SUPPLIED RECORDS Start Marker

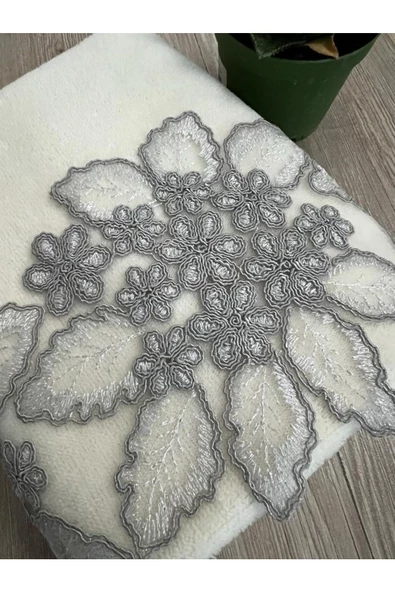 Çinar Kadife Gri El Ve Yüz Havlusu 50/90cm - 2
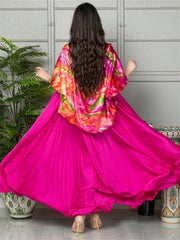 Rose Red Elegant Print Shawl Sling Dress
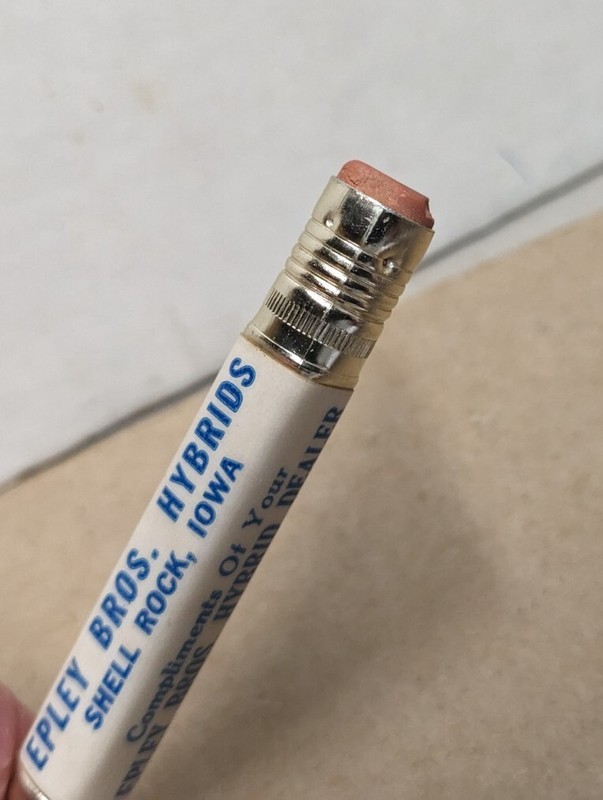 Vintage Epley Bros. Hybrids Shell Rock Iowa Ia Square Bullet Pencil Square Deal gallery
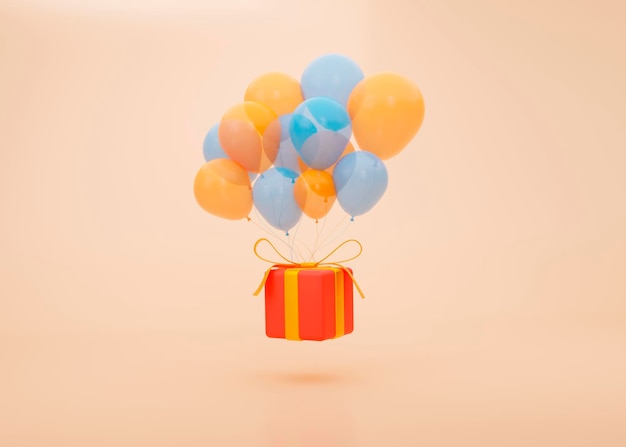 3d red gift box with yellow ribbon and flying balloons on beige background Present for holiday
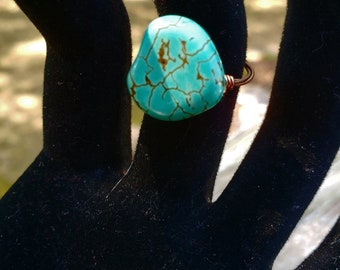 Guitar String Ring with Turquoise Heart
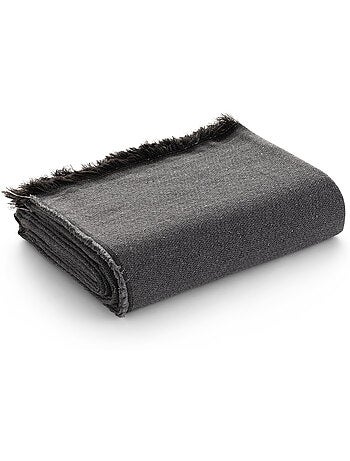 Coperta tipo Plaid, tessuto strutturato in filato tinto, con frange - Gamusi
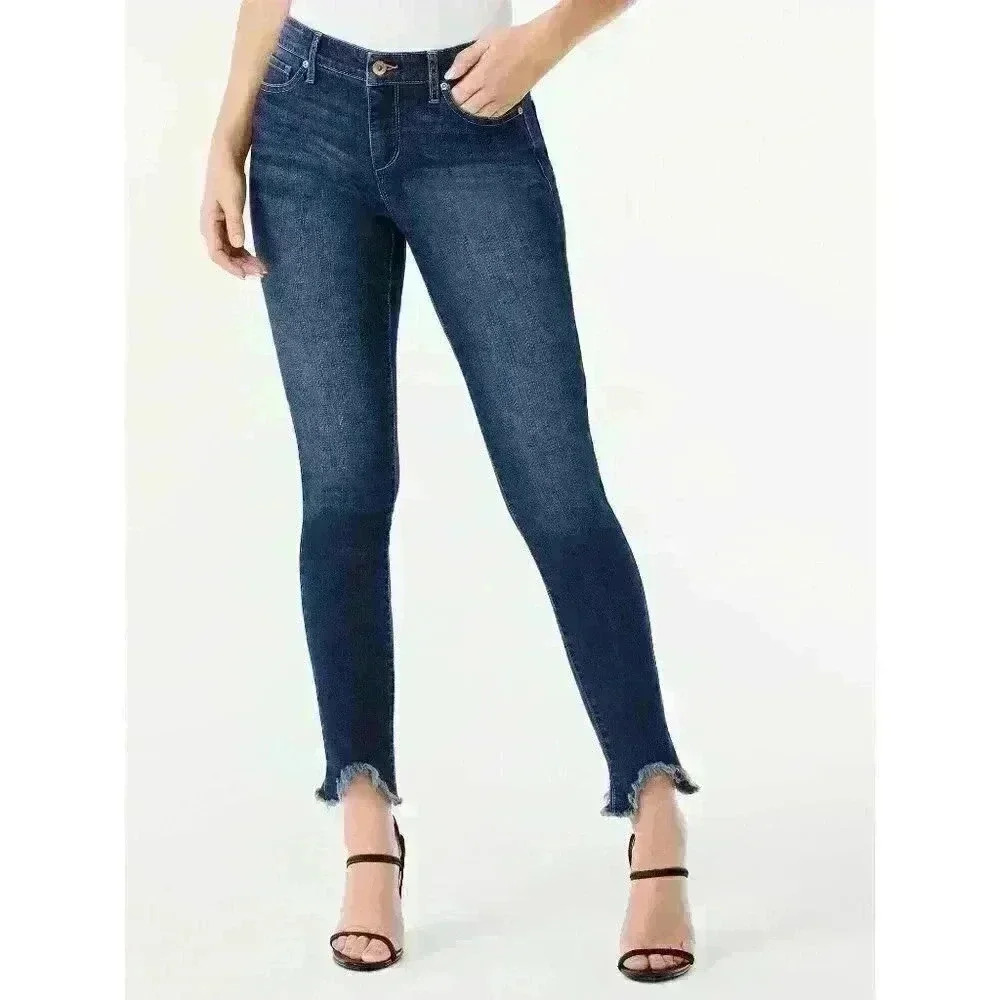 Sofia Jeans by Sofia Vergara Womens Skinny Shark Bite Hem Mid Rise Dark Wash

SUPPLIED RECORDS End Marker

▶ [WHAT YOU HAVE TO DO] A verbatim copy is needed of the lines running from the line with "Guitar String Ring with Turquoise Heart" to the end of the data above, both included. Keep the pictures out of it.

▶ [RESPONSE AREA]
 Guitar String Ring with Turquoise Heart
 Coperta tipo Plaid, tessuto strutturato in filato tinto, con frange - Gamusi
 Sofia Jeans by Sofia Vergara Womens Skinny Shark Bite Hem Mid Rise Dark Wash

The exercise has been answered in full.